When you copy the material below, keep every line exact and drop the pictures.
[PROVIDED DATA — start]
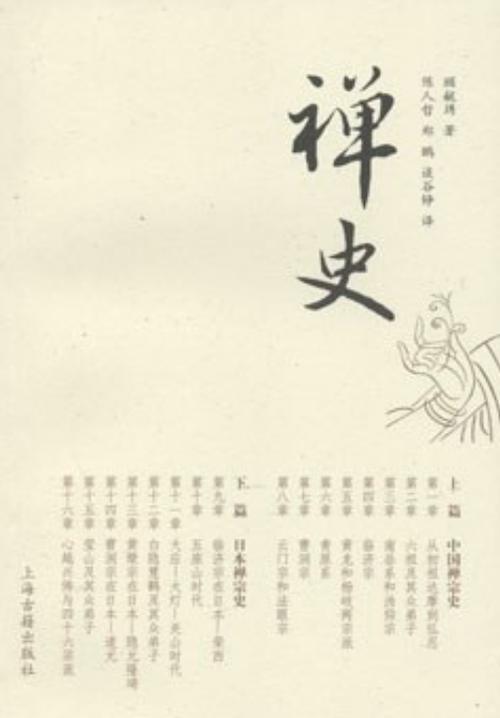 禅最早是哪里传的
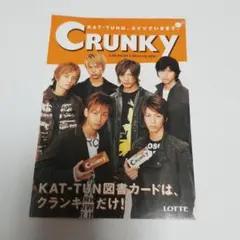 完璧KAT-TUN★6人時代★貴重★亀梨和也 赤西仁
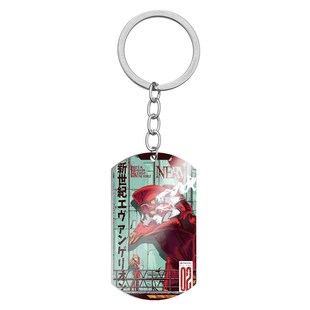 EVA新世纪福音战士周边钥匙扣绫波丽明日香初号战机军牌书包挂件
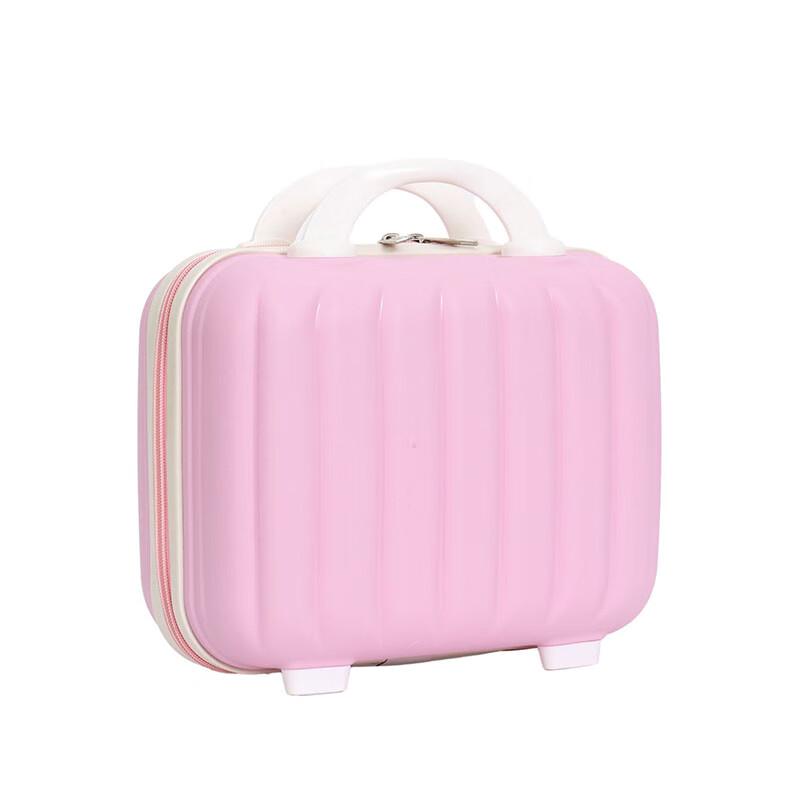 Pumpkin Design Portable Travel Cosmetic Case 14 inches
[PROVIDED DATA — finish]
- [WRITTEN SOLUTION]:
 禅最早是哪里传的
 完璧KAT-TUN★6人時代★貴重★亀梨和也 赤西仁
 EVA新世纪福音战士周边钥匙扣绫波丽明日香初号战机军牌书包挂件
 Pumpkin Design Portable Travel Cosmetic Case 14 inches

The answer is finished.